This technical information may be of use to those wanting to process Leo files with special-purpose filters. Leo’s uses XML for its file format. The following sections describe this format in detail. Important: The actual read/write code in leoFileCommands.py is the authoritative guide. When in doubt about what Leo actually writes, look at an actual .leo file in another editor.
Here are the elements that may appear in Leo files. These elements must appear in this order.
Leo files start with the following line:
<?xml version="1.0" encoding="UTF-8"?>
An xml-stylesheet line is option. For example:
<?xml-stylesheet ekr_stylesheet?>
The <leo_header> element specifies version information and other information that affects how Leo parses the file. For example:
<leo_header file_format="2" tnodes="0" max_tnode_index="5725" clone_windows="0"/>
The file_format attribute gives the ‘major’ format number. It is ‘2’ for all 4.x versions of Leo. The tnodes and clone_windows attributes are no longer used. The max_tnode_index attribute is the largest tnode index.

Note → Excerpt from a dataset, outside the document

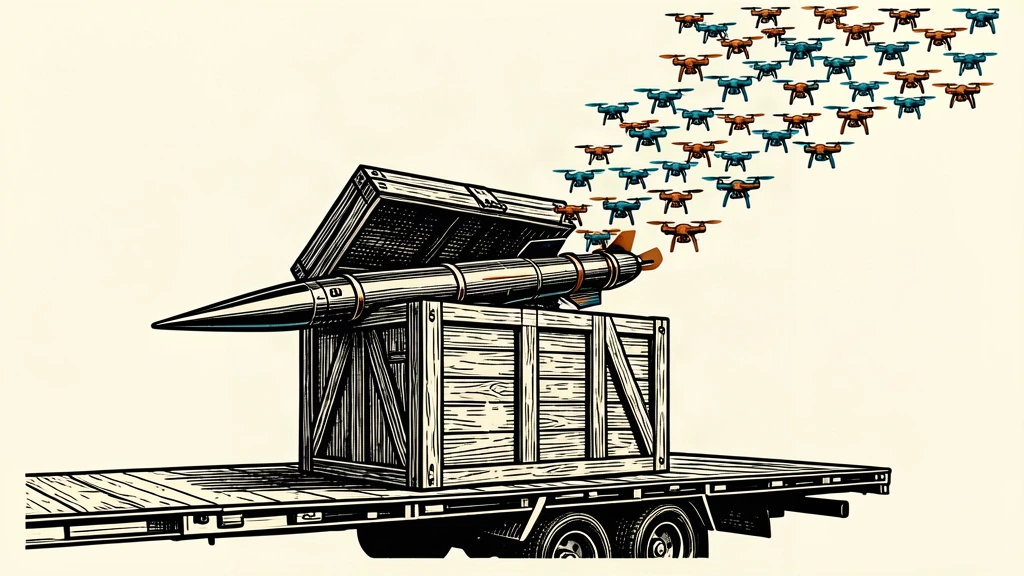 A large shipping crate containing a defensive missile is surrounded by a rising swarm of small drones.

The globals element specifies information relating to the entire file. For example:
<globals body_outline_ratio="0.50">
<global_window_position top="27" left="27" height="472" width="571"/>
<global_log_window_position top="183" left="446" height="397" width="534"/>
</globals>
The <v> element represents a single vnode and has the following form:
<v...><vh>sss</vh> (zero or more nested v elements) </v>
The <vh> element specifies the headline text. sss is the headline text encoded with the usual XML escapes. As shown above, a <v> element may contain nested <v> elements. This nesting indicates outline structure in the obvious way. Zero or more of the following attributes may appear in <v> elements:
t=name.timestamp.n
a="xxx"
The t=”Tnnn” attribute specifies the <t> element associated with a <v> element. The a=”xxx” attribute specifies vnode attributes. The xxx denotes one or more upper-case letters whose meanings are as follows:
C The vnode is a clone. (Not used in 4.x)

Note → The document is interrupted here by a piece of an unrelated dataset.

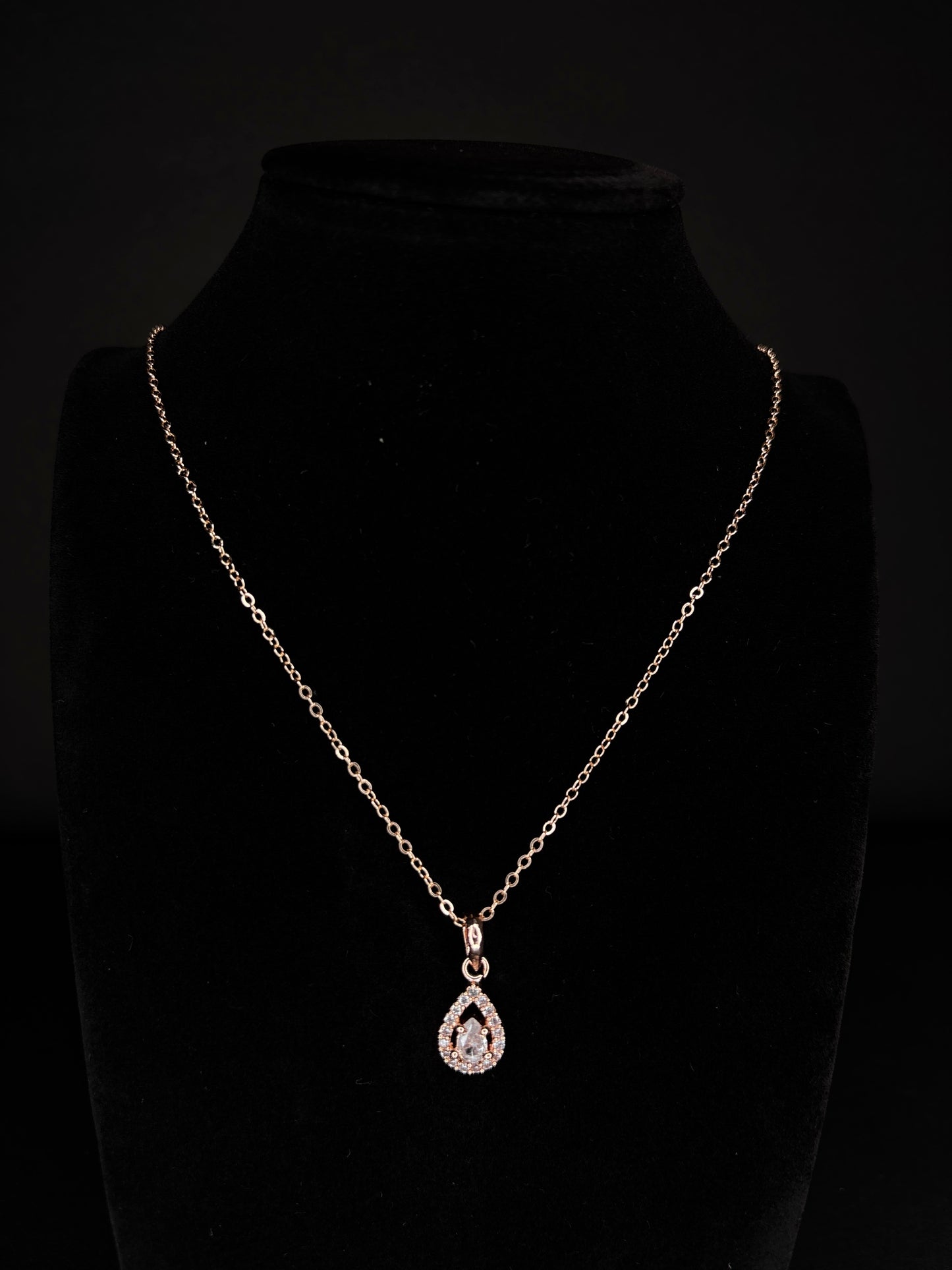 Rose Gold-Plated AD Teardrop Pendant Necklace with Matching Earrings (JYO8161)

E The vnode is expanded so its children are visible.
M The vnode is marked.
T The vnode is the top visible node.
V The vnode is the current vnode.
For example, a=”EM” specifies that the vnode is expanded and is marked.
New in 4.0:
The <t> element represents the body text of the corresponding <v> element. It has this form:
<t tx="<gnx>">sss</t>
The tx attribute is required. The t attribute of <v> elements refer to this tx attribute. sss is the body text encoded with the usual XML escapes.
New in 4.0: Plugins and scripts may add attributes to <v> and <t> elements. See Writing plugins for details.
This section describe the format of external files. Leo’s sentinel lines are comments, and this section describes those comments.
Files derived from @file use gnx’s in @+node sentinels. Such gnx’s permanently and uniquely identify nodes. Gnx’s have the form:
id.yyyymmddhhmmss
id.yyyymmddhhmmss.n
The second form is used if two gnx’s would otherwise be identical.
Here are the sentinels used by Leo, in alphabetical order. Unless otherwise noted, the documentation applies to all versions of Leo. In the following discussion, gnx denotes a gnx as described above.
A sentinel of the form @<<section_name>> represents a section reference.
If the reference does not end the line, the sentinel line ending the expansion is followed by the remainder of the reference line. This allows the Read code to recreate the reference line exactly.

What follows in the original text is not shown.